CAVESE (Cavese Vs Reggina 0-1) – Cade ancora, seppur questa volta in casa, la Cavese di mister Modica, che ospita al Lamberti la Reggina di mister Cevoli, da poco subentrato all’ex tecnico Drago. Parte subito forte la formazione di casa, con Fella che al 18′ ha sul sinistro l’occasione del possibile 1-0, ma, con i piedi, si oppone l’estremo difensore della Reggina Confente. Non cala però l’intensità del match, con Rosafio e Sainz-Maza che si rivelano delle vere e proprie spine nel fianco della retroguardia amaranto. Ed è proprio lo spagnolo ex Sicula Leonzio, al 24′, ad avere la possibilità di portare in vantaggio la propria formazione con una fucilata di destro che viene respinta in angolo dal portiere ospite. Dopo tanta sofferenza inizia a farsi vedere pericolosamente in attacco anche la Reggina con Zibert, che al 28′ spedisce alta una buona occasione da gol. I ritmi sono veramente forsennati durante tutta la prima frazione di gioco e questo giova allo spettacolo assistito da tutti i tifosi presenti al Lamberti, che, prima della fine del primo tempo, vedono ancora una volta Fella andare vicino alla marcatura personale, ma uno stupendo Confente si frappone nuovamente tra lui e la gioia del gol. Il secondo tempo parte malissimo per la squadra di Cava De’Tirreni, che perde subito Pugliese per un problema di natura muscolare. Questo infortunio non ferma però la Cavese, che al 56′ colpisce addirittura un palo con uno dei migliori in campo della formazione di casa, ovvero Marco Rosafio. Con il passare dei minuti la spinta offensiva dei campani non diminuisce, anzi diventa sempre più lampante: prima Ferrara, infatti, poi Tumbarello e Silvestri vanno vicini alla marcatura, ma la palla sembra non voler proprio entrare in questo incontro. Questo però fino al 90′, quando l’ex di turno, Antonio Martiniello, supera da pochi passi De Brasi e consegna alla Reggina tre punti che potrebbero risultare decisivi in questo finale di stagione. Si complica incredibilmente, così, la scalata della Cavese alla zona play-off, considerando soprattutto i prossimi due impegni che l’aspettano – Monopoli e Catania.

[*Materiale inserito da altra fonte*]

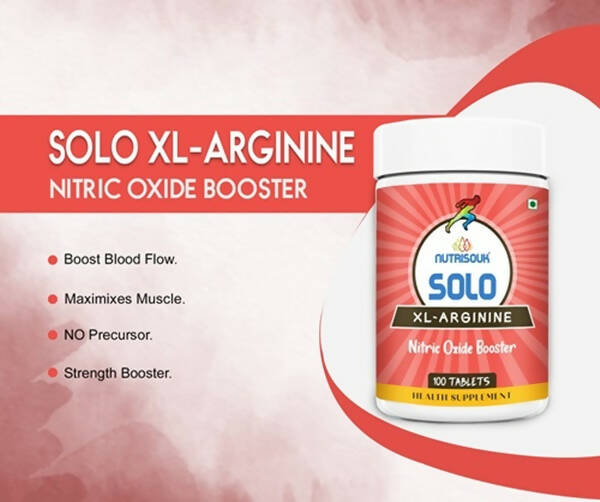Nutrisouk Solo XL-Arginine Tablets 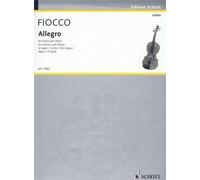 Allegro Joseph-Hector Fiocco Book [Softcover] Violin and Piano Schott Music Lond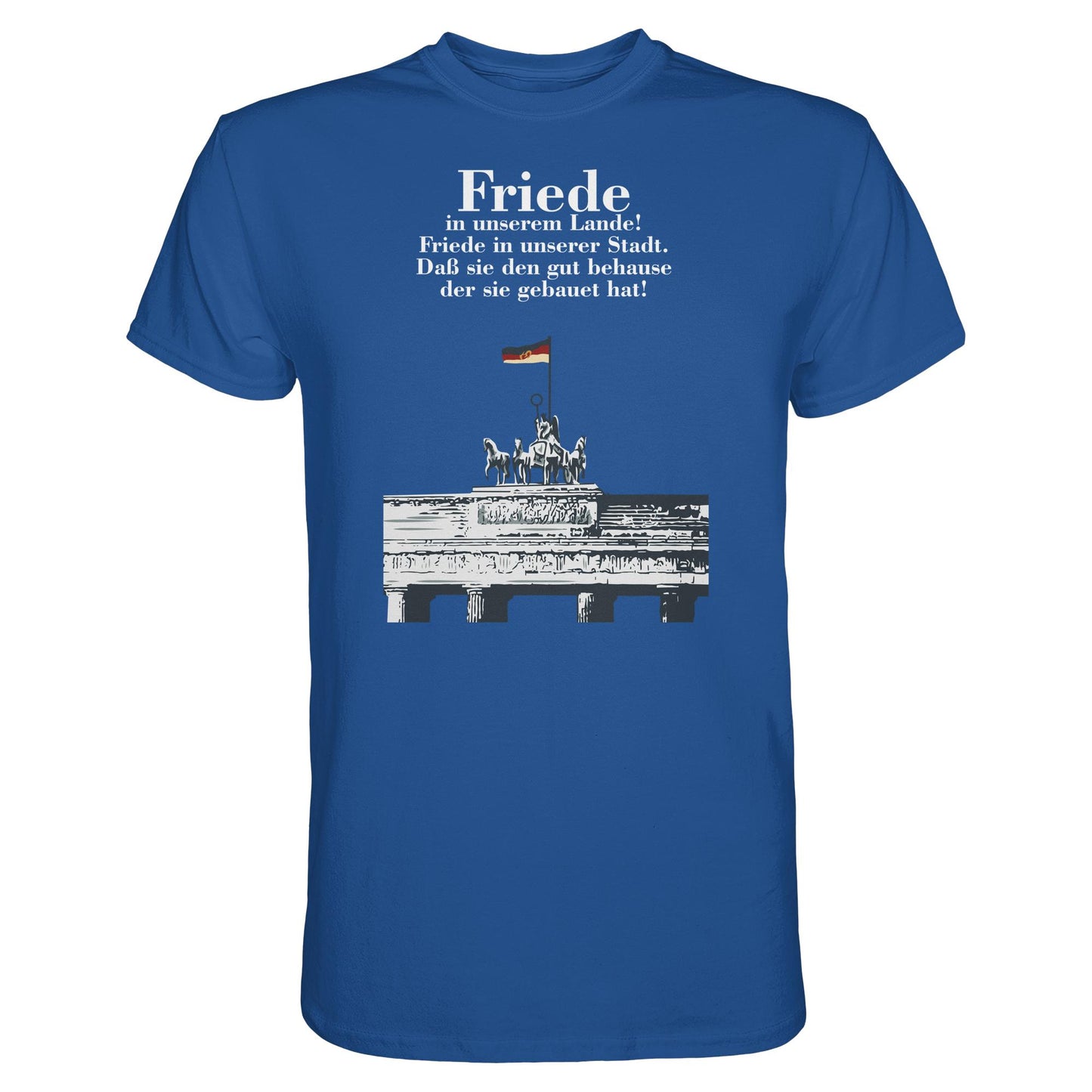 DDR Ostalgie Shirt Unisex • FRIEDE IN UNSEREM LANDE! (DDR-ORIGINAL-PLAKAT)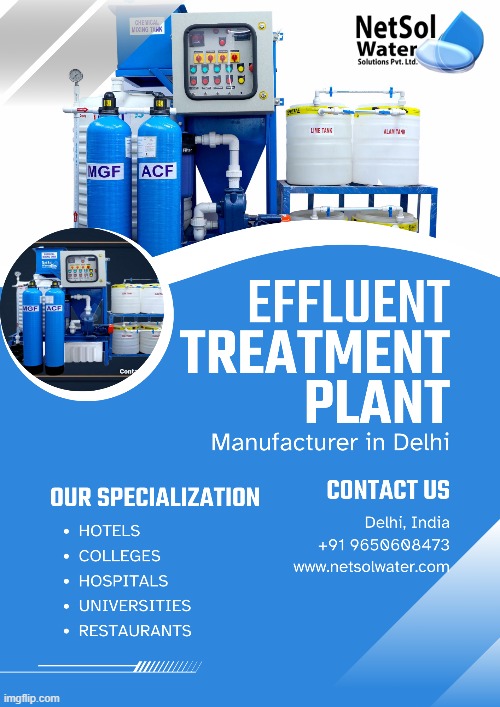 Leading the Industry: Top Effluent Treatment Plant Manufacturer in Delhi | image tagged in environment,manufacturer,manufacturing,environmental,water | made w/ Imgflip meme maker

CASERTANA (Casertana Vs Siracusa 2-1) – Vittoria sicuramente sofferta quella della Casertana di Pochesci, che rimane così ancorata al treno play-off. Il match per i padroni di casa non parte affatto bene: dopo un predominio iniziale, gli ospiti passano in vantaggio all’11’ con Vazquez, il quale trasforma un penalty guadagnato da Russini per fallo di Blondett. E la situazione peggiora con il passare dei minuti, con la Casertana che cerca di creare gioco, ma è sempre il Siracusa a rendersi pericoloso, prima con Palermo e poi con Russini. Ciò spinge il tecnico dei falchetti ad operare il primo cambio dell’incontro già al minuto 37, quando esce un disastroso Blondett ed entra un incandescente Zito. La seconda frazione di gioco, anche in questo caso, racconterà una partita completamente diversa per la squadra campana, che andrà vicinissima al gol al 55′, quando Padovan si presenta a tu per tu con Crispino, ma non riesce ad infilarlo per il pari. Pari che tarderà ad arrivare però solo 4 minuti, quando Castaldo si presenterà sul dischetto e spiazzerà Crispino, allungando così in classifica marcatori. Il pareggio è stata una vera e propria mazzata psicologica per i siciliani, che non riusciranno più a reagire. Anzi, soffriranno addirittura l’espulsione diretta di Ott Vale al 73′ per una brutta entrata ai danni di Meola. Scarichi mentalmente e con un uomo in meno, la difesa del Siracusa va in completo affanno e quattro minuti più tardi, su cross di Zito, dimentica in area Castaldo tutto solo, che ringrazia gli avversari e deposita in rete per il gol del 2-1. Con questa vittoria sudatissima, i rossoblù rimangono attaccati al treno formato da Monopoli e Virtus Francavilla, riuscendo anche a guadagnare qualcosina nei confronti di Viterbese e Rende, le quali hanno entrambe pareggiato i loro rispettivi incontri.